Documentation is provided via docstrings throughout the codebase for clarity. The trained model is serialized using joblib, enabling easy reuse and sharing of the model state. If you do not wish to use the CLI, you can load the model and access its components as follows:

self.model_bundle = joblib.load("OncoTerrain.joblib")
self.OncoTerrain = self.model_bundle['model']
self.model_features = self.model_bundle['features']

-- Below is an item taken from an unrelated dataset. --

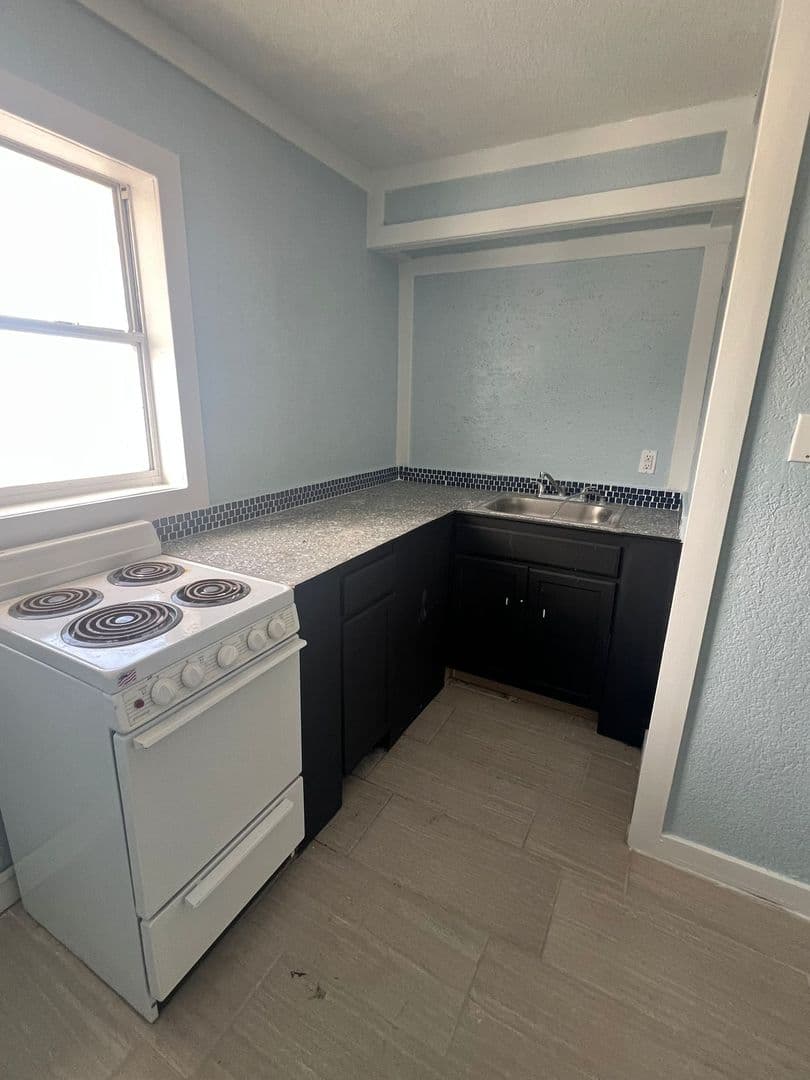 Daytona Beach Apartment: 1503 S Atlantic  Avenue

in order to access the features and the OncoTerrain model object.

OncoTerrain CLI 🖥️

We’ve built a CLI to help clinicians and researchers easily interact with OncoTerrain from the terminal.

Installation

To install OncoTerrain, simply run: pip install oncoterrain

To view all available commands and usage options, run: oncoterrain --help

Running OncoTerrain

For a single sample in either 10x or adata format, please run:

oncoterrain infer {path/to/10x_sample_dir} --output-dir {output_dir} --no-save-adata

  • --output-dir: Specifies the directory
  • --no-save-adata: If this flag is present then the adata will not be saved to output_dir

For a group of 10x-style subfolders, please run:

oncoterrain batch {path/to/10x_sample_dirs} --output-dir {output_dir}

  • --output-dir: Specifies the directory

oncoterrain batch will:

  • Iterate each folder in {path/to/10x_sample_dirs}
  • Skip any that aren’t valid 10x directories
  • Write each sample’s outputs under {output_dir}

Computing Resources 💻

All development and model training were conducted on the Rutgers Amarel HPCU using nodes equipped with 256 GiB RAM and 32 dedicated CPU cores.

Team 👥

Contributor(s): Vignesh Venkat & Subhajyoti De, PhD
Contact: vvv11@scarletmail.rutgers.edu

References 📄

If you use OncoTerrain, its methods, or its insights in your research, we kindly request you cite:

  1. Hu, X. et al. Deconstructing evolutionary histories of complex rearrangements during tumorigenesis in lung. bioRxiv
  2. Venkat, V. et al. Disruptive changes in tissue microenvironment prime oncogenic processes at different stages of carcinogenesis in lung. bioRxiv, 1-20 (2024).

Acknowledgements:

The authors acknowledge scholarly input from other members of Rutgers Cancer Institute & special thanks to members of the De Laboratory.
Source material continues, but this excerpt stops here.